» Work task
Copy out the lines beginning at the one with "2000 HISTORISCHER KLASSISCHER" and ending at the last line of the data, both included; pictures stay out.

» Exercise data
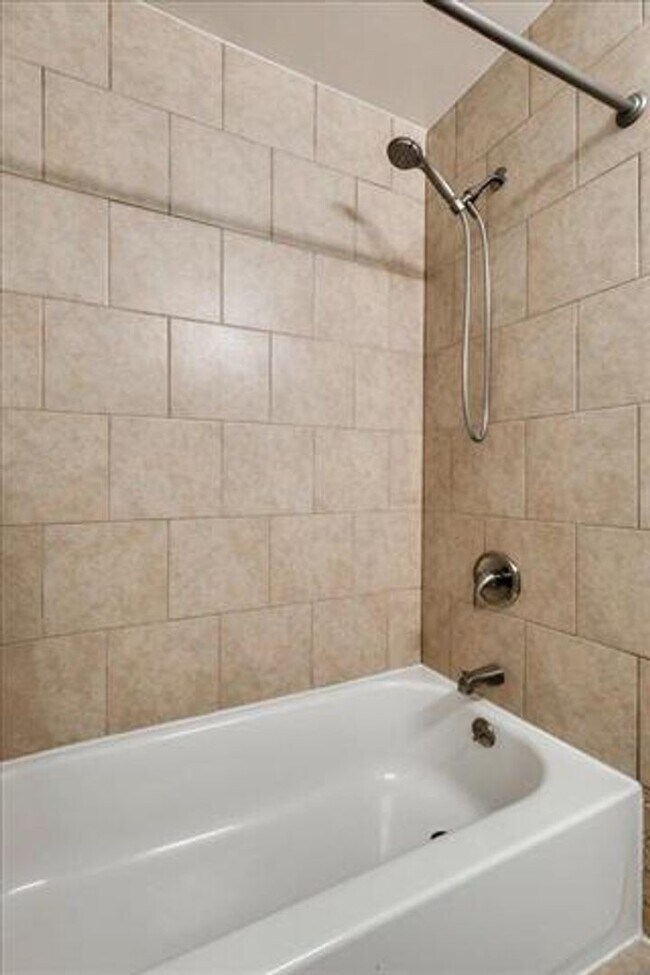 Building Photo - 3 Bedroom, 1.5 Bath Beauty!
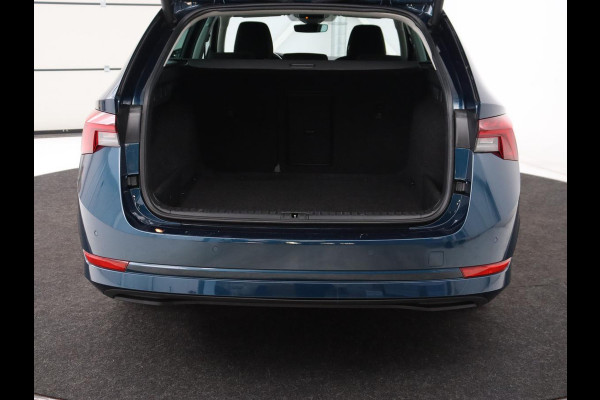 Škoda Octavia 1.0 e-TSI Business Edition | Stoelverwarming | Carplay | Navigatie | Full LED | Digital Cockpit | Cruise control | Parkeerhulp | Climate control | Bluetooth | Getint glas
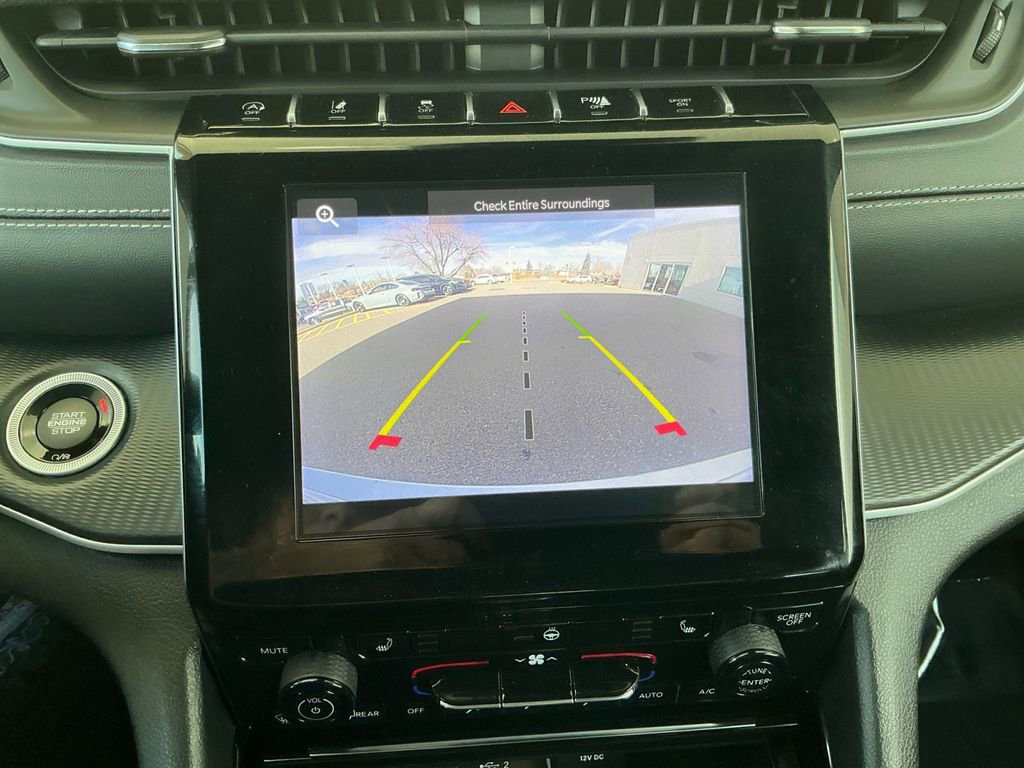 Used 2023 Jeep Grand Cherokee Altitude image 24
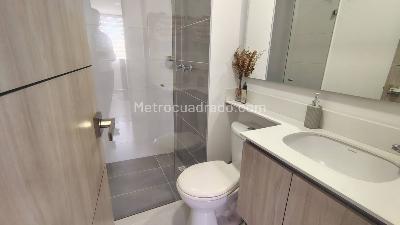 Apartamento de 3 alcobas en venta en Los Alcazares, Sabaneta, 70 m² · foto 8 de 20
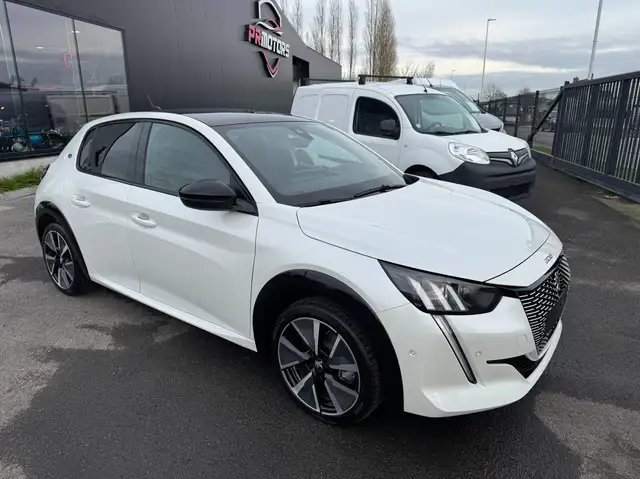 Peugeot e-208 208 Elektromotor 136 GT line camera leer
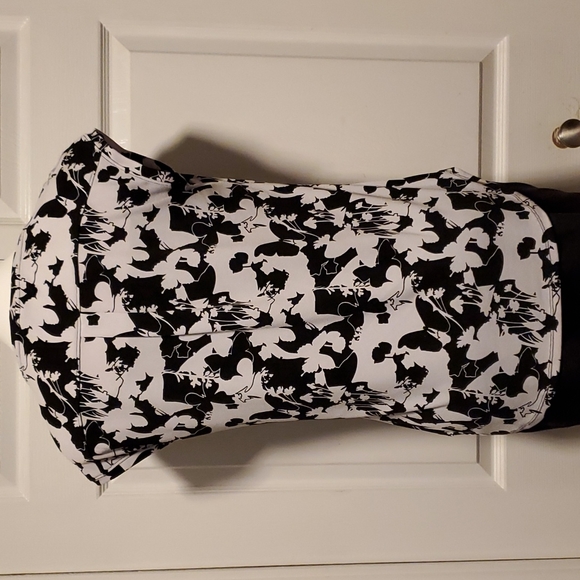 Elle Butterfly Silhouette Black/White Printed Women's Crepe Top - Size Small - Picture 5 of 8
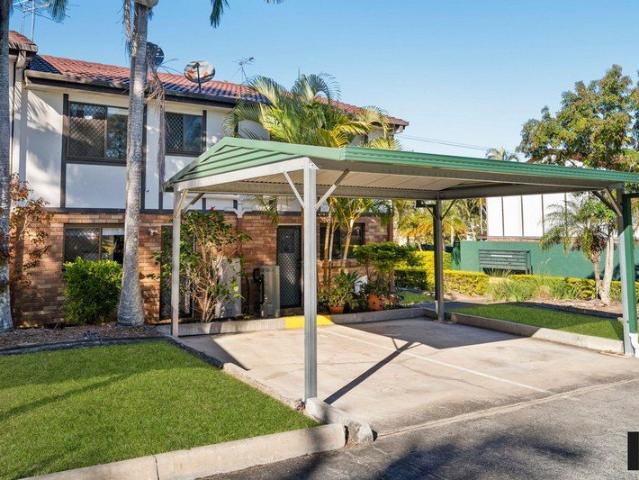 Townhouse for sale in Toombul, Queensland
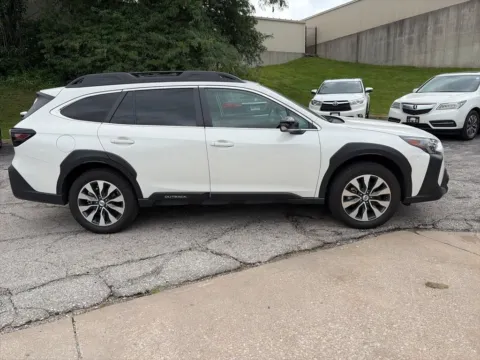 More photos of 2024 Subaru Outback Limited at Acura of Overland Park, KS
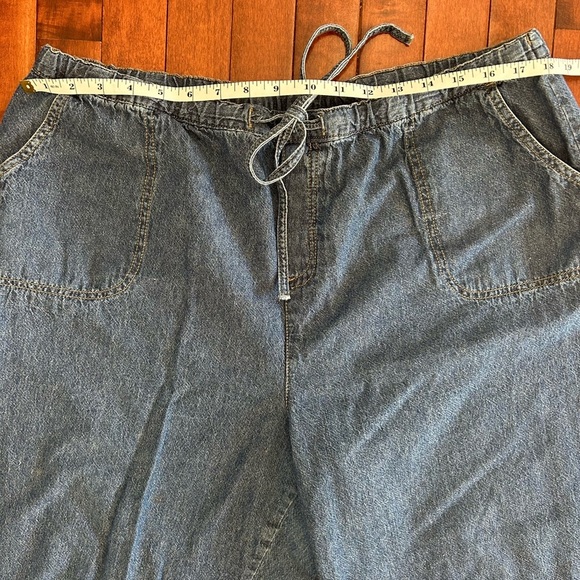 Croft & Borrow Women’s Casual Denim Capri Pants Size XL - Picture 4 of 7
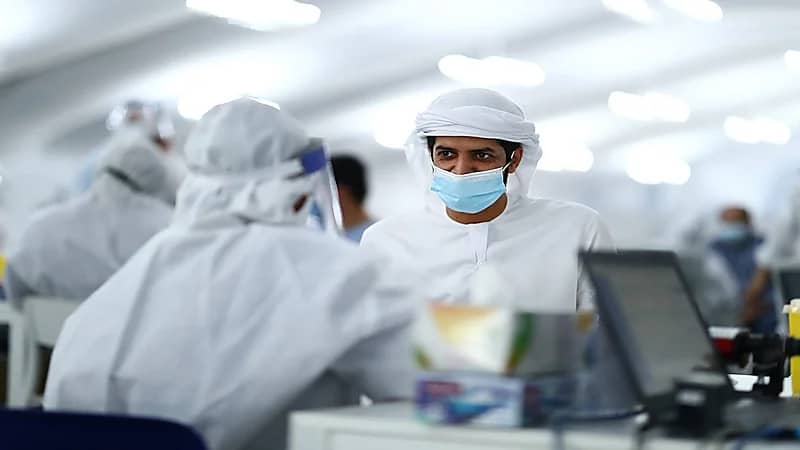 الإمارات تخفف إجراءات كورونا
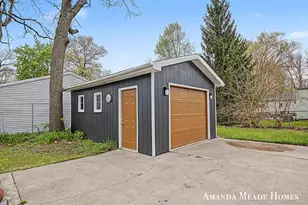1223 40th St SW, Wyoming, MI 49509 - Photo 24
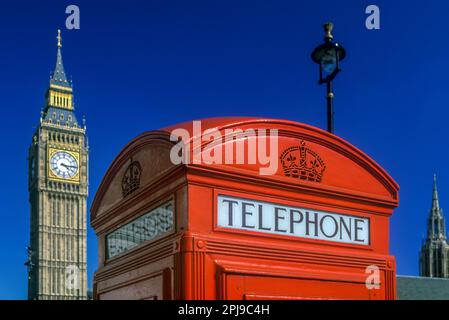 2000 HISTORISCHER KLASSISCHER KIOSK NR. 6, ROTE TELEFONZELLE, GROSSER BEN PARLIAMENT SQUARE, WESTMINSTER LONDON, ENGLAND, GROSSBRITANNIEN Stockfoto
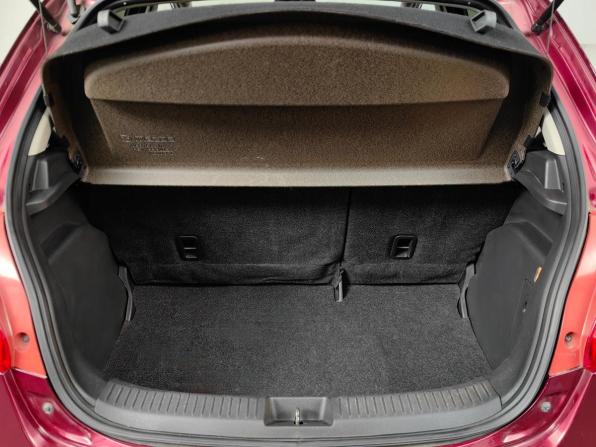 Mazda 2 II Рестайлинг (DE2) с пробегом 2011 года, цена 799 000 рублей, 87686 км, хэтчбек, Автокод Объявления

» Completed task
 2000 HISTORISCHER KLASSISCHER KIOSK NR. 6, ROTE TELEFONZELLE, GROSSER BEN PARLIAMENT SQUARE, WESTMINSTER LONDON, ENGLAND, GROSSBRITANNIEN Stockfoto
 Mazda 2 II Рестайлинг (DE2) с пробегом 2011 года, цена 799 000 рублей, 87686 км, хэтчбек, Автокод Объявления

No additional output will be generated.